I fit all my luggage and boxes into the taxi and then into the rental car, so in fact I did not send anything or have to worry about how I would get it all back home. That all went much more smoothly than I'd worried. I made it all the way back home that night and was in my house by 10:30pm. Jennifer, a student who'd been house and cat sitting for me, met me there.
We unloaded all my junk and she left to go back to her parents' home (where she normally lives). I re-introduced myself to my cats, who I swear were looking at me with looks that clearly said, "But you died; what are you doing here?!" But within an hour they were all cozy with me again and obviously happy (purring) to have me back.
The next day I took my rental car back to Macon (no rental car companies in our little town) and realized I had locked myself out of the house.
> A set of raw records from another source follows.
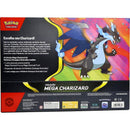 Jogo De Cartas Pokemon Box Mega Charizard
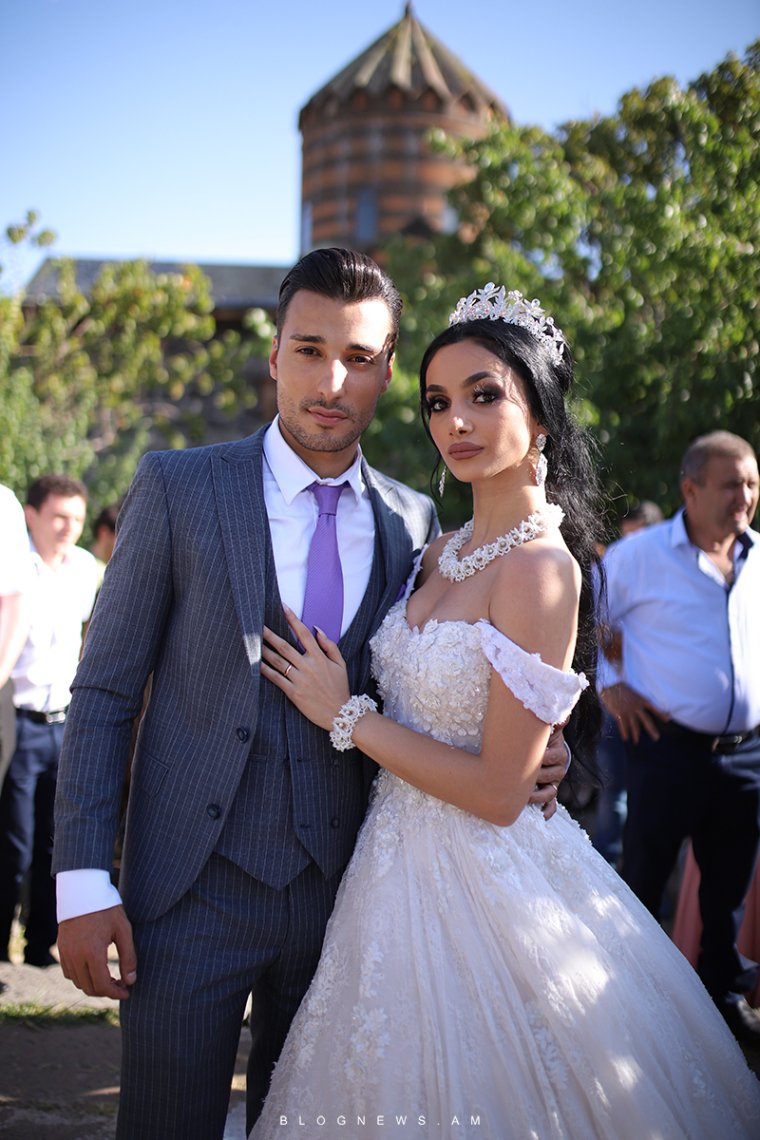 Эд Игитян свадьба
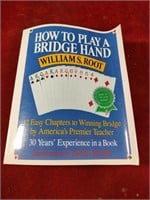How to Play a Bridge Hand Book Paperback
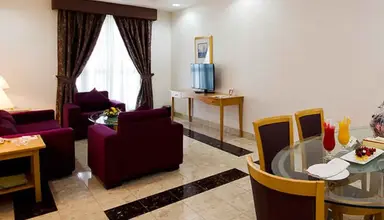 Al Bustan Centre and Residence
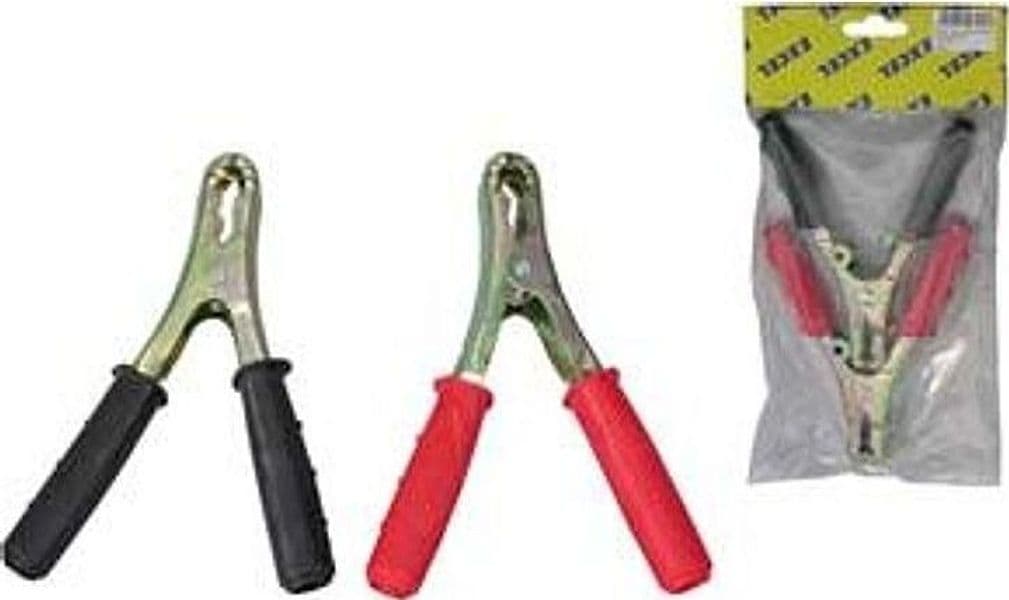 PINZA PER CAVO BATTERIA- - mm.220 200A - 5 blister EXCEL - 2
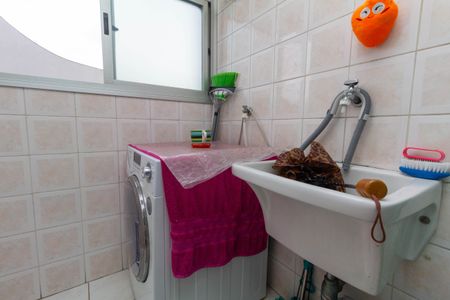 Apartamento para alugar com 60m², 2 quartos e 1 vagaÁrea de Serviço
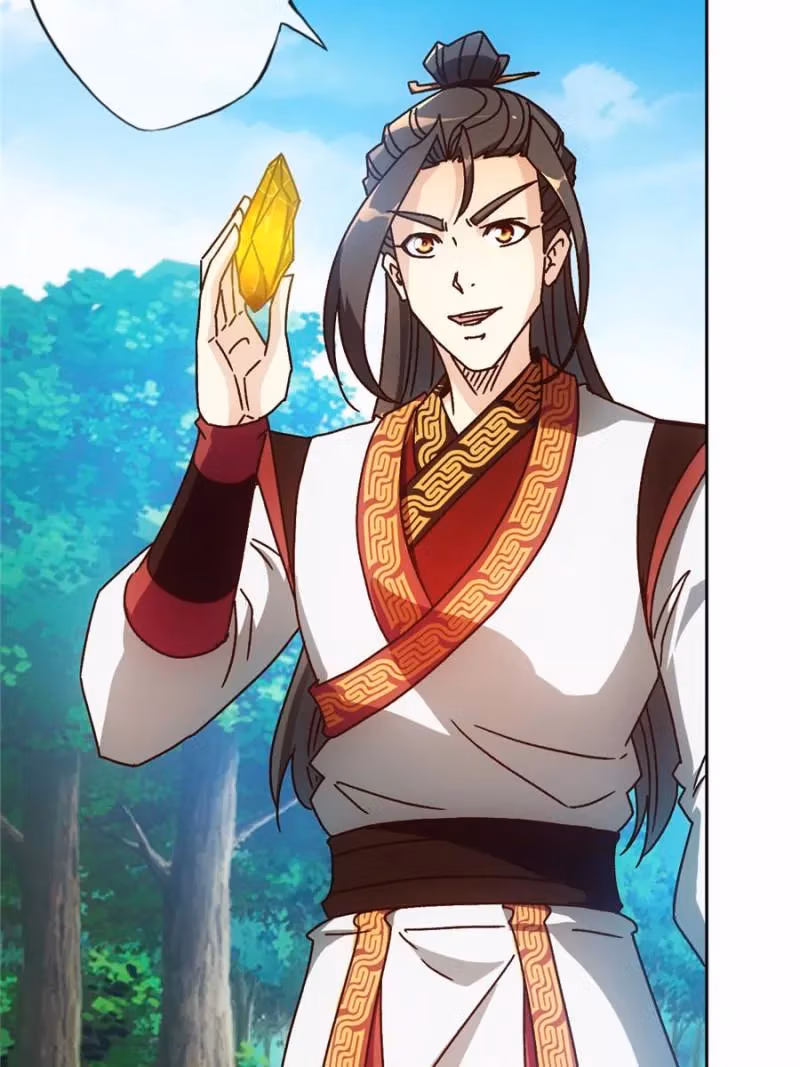 The Greatest Deity Chapter 45 page 50 -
I had my house key set in my hand as I was leaving, and I remember thinking, "I don't need these, I'm not driving my car, I'm driving the rental car," and putting them back down. I had really gotten out of my habits and did not remember the whole you-need-a-key-to-get-into-the-house routine (I had not needed a key for months). So after my friend Giles drove me back to Milledgeville, I was locked out of my house and decided to go to the office. I used the secretary's key to let myself in my office (the key was on the same ring as my house key) and called Jennifer, who dropped off her key for me.
Meanwhile, while I was in my office, I started going through all my mail from the semester. One of the first letters I opened was from the board of regents for the Georgia system telling me I had been granted tenure and promotion. Hurray!!! And there was another little card inviting me to a reception in about an hour for all of us who had received tenure and promotion in this college. It was a happy set of circumstance all in all. In the next several days I found myself really warmly welcomed back by all my friends here, and actually have had very little down time.
I had imagined that since I'd have no jet lag, that I wouldn't really be that tired when I returned. But I was wrong – I was completely exhausted for at least 10 days. I could barely drag myself out of bed most mornings, and was bone-weary tired much of the time that I was awake. I got right back into most routines, including my yoga class. Then I started teaching May 10. It's been non-stop busy since then – without the luxury of sleeping much. I still have to give the exam for this class I’ve been teaching on Tuesday, then I start teaching again for Summer I on Thursday.
One other really happy piece of news I got upon my return is that I received a Fulbright Grant to teach in Croatia next Spring. So there have been all kinds of nice homecoming surprises – kind of takes the edge off of ending one adventure to know there's another looming in the not-too-far-distant future.
Well, that's my news since the ship. I hope you're all well. Thanks for taking this journey with me virtually, and thanks for all your words of support and friendship along the way.
Let me know how things are with you these days.